Internal report says service could face exodus of artillery officers.

An internal Army report has concluded that the service's intense focus on counterinsurgency warfare has led to a decline in its ability to fight large conventional battles. Because soldiers' time in the United States is spent preparing to return to either Iraq or Afghanistan, the report found, they don't have enough time to train for other contingencies.

The report, obtained by National Public Radio, was prepared by three Army colonels who have commanded brigades in combat. They wrote that by letting "perishable skills atrophy, we are mortgaging not only flexibility in today's fight, but our ability to fight the next war as well." The loss of critical skills is most acute in the Army's artillery branch, which the authors said has been described as "dead branch walking."

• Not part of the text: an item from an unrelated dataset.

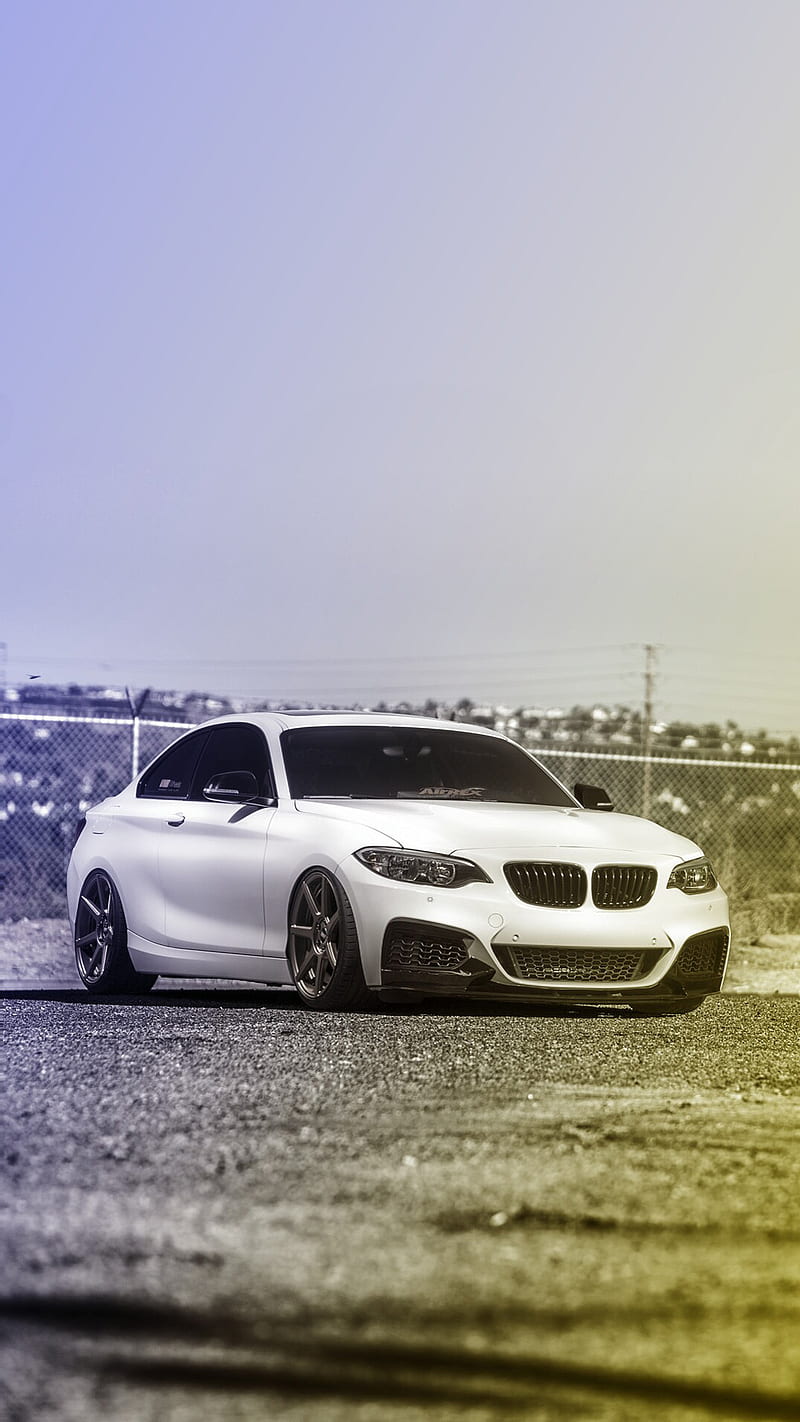 800x1422 BMW 228i 2 series, coupe tuning, vehicle, vmr wheels, HD phone wallpaper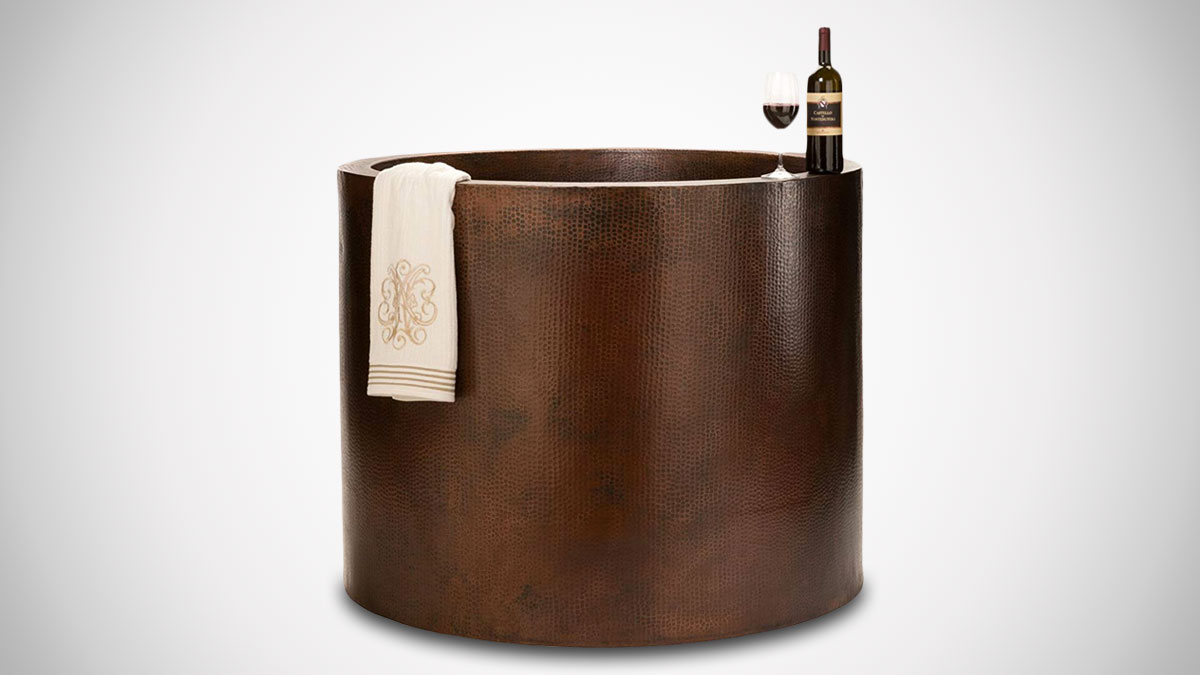 Hammered Copper Soaking Tub Hammered Copper Soaking Tub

There is a limited need for heavy artillery fire in counterinsurgency warfare, where minimal use of force is encouraged to win the support of the local population. In Iraq, artillery men spend most of their time patrolling neighborhoods as beat cops. Some Army units even leave their artillery pieces behind in the U.S. when they deploy to Iraq.

The paper said limited training opportunities have led to unsafe practices and a rising number of accidents when units do fire their big guns during pre-deployment exercises. The authors said the Army risks an exodus of artillery officers who are "increasingly dissatisfied" with their chosen profession because when they deploy to a combat zone, they are assigned to "hole-filler" duties. "They wanted to be artillery officers and ended up being anything but," the paper said.

Large-scale battles require the careful synchronization of artillery fire in support of fast moving units on a fluid battlefield, a skill set that is rapidly being lost, the report concluded. The authors warned that the Army risks suffering a fate similar to that of Israel's military in 2006, when it proved unable to defeat the militant Hezbollah organization in south Lebanon.

"Israel's years of [counterinsurgency]-focused operations in the occupied territories cost them dearly in South Lebanon," the paper said. The Israeli military's ability to fight large-scale conventional battles "had simply atrophied from neglect," the authors wrote. "We should consider ourselves fairly warned."

Lt. Col. Gian Gentile, a critic of the Army's focus on counterinsurgency, said in an interview that the service only will be able to restore balance among different fighting skills when the demands of the Iraq war lessen and soldiers have more time to train. "When a [brigade] is told when they get back [from Iraq] that they only have a year or year and a half to prepare for returning to Iraq, then they only prepare for counterinsurgency," he said.

Some analysts have concluded that large-scale wars fought on open battlefields are a thing of the past. The rapid pace of urbanization across the world means that future wars are likely to be fought in cities, where heavy firepower could kill innocent civilians and produce an angry populace.

In a speech last fall before the Army's annual gathering in Washington, Defense Secretary Robert Gates said the service's overwhelming superiority in targeting and firepower means it is unlikely an enemy would choose to take on the U. S. in a stand-up fight. Instead, potential enemies are likely to imitate the tactics of guerrilla fighters in Iraq, using low-tech weapons such as roadside bombs.

Gates said the Army must strike a balance in preparing for future wars and warned against making the same mistake it did after Vietnam, when it focused on mastering conventional warfare at the expense of counterinsurgency. That decision, he said, "left the service unprepared to deal with the operations that followed: Somalia, Haiti, the Balkans, and more recently Afghanistan and Iraq -- the consequences and costs of which we are still struggling with today."